The panel was held in the Chamber of Deputies' Aurora Jiménez de Palacios Auditorium, and was attended by Dr. David Hughes, director of the Alfonso Serrano Large Millimeter Telescope, INAOE researcher and coordinator of the EHT; Dr. José González González, senior researcher and director of the Astronomy Institute of UNAM; Dr. José Luis Hernández Rebollar, INAOE researcher; Dr. Irene Cruz-González Espinosa and Dr. Erika Benítez Lizaola, both researchers at the UNAM Institute of Astronomy, as well as Federal Deputy María Eugenia Hernández Pérez, Secretary of the Science, Technology and Innovation Commission, and the Deputies Jesús Roberto Briano Borunda (Morena) and Raymundo Atanacio Luna (PT).
At the event, Dr. David Hughes explained the astronomical phenomena in the center of our galaxy caused by the influence of a supermassive black hole, Sagittarius A*.

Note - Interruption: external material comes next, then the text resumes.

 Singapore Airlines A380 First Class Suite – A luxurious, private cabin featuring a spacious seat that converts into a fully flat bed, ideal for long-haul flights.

Observations of Sagittarius A* provide strong evidence that the object is indeed a black hole and provide valuable clues about the workings of these giants, which are thought to reside at the center of most galaxies. The image was produced by a global research team called the Event Horizon Telescope Collaboration (EHT), using observations from a worldwide network of radio telescopes. Mexico's LMT is part of this collaboration.
Dr. Hughes stressed that the LMT's involvement in the EHT is important, in part because it is the world's largest single-dish radio telescope, designed and optimized to make observations at a wavelength of 1 millimeter, and because of its location in the central region of the EHT global network of telescopes, which allows it to provide valuable data to improve the quality of the final image of the supermassive black hole in the center of our galaxy.
This new landmark result comes after the EHT collaboration published in 2019 the first image of a black hole, known as M87*, at the center of the giant elliptical galaxy Messier 87.
At the end of the panel, the astrophysicists answered questions from the audience.